Scandalous Life Of The Wild Party

Courtesy of the Sean Scott.
Courtesy of the Sean Scott.
Courtesy of the Sean Scott.

The Miami Theatre Players will be coming alive as this semester’s production, “The Wild Party” takes the stage.

The Andrew Lippa musical, set in the 1920s, details the abusive relationship between Vaudeville performers Queenie and Burrs before, during and after the play’s focal point: a party created to stir up trouble. Between several storylines simultaneously playing out and the allure of sensual masochism, the show is one rife with complexities, choices and the struggle for control.

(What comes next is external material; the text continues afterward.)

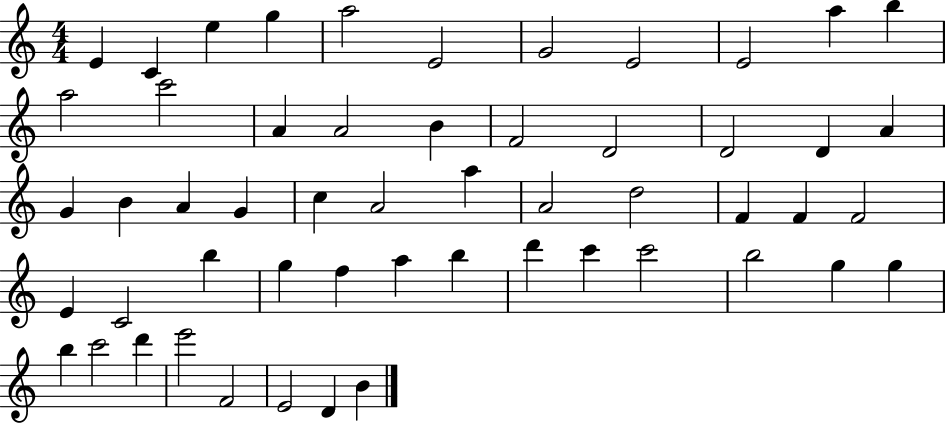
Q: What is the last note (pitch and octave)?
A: B4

“I think one of the things that attracted me to this show in the first place was that it’s not like something Miami has done before,” Kevin Fagan, a third-year digital media management and advertising and promotions double-major and the production’s assistant director, said. “But if you look at the shows we’ve done in the past, it builds up to it. Every show every semester, we do something more complicated or more serious or more musical, so there’s a build we go through. It was a big step but it was on a path we’ve already been following. All our other shows had some darkness to it.”

Fourth-year theater performance and sociology double-major Stephen Kalogeras said tapping into his character, Burrs, was interesting because he’s never had to play the antagonist in a production before. After describing Burrs as a violent, rough, misunderstood, dark person and himself as anything but, Kalogeras said he had to search for emotions he usually doesn’t feel and “just go for it.”

Director and third-year vocal jazz studies major Casey Richards said Miami’s version of the production replaces some of the show’s explicit content with implications performed through song and dance to convey the characters’ emotions and struggles.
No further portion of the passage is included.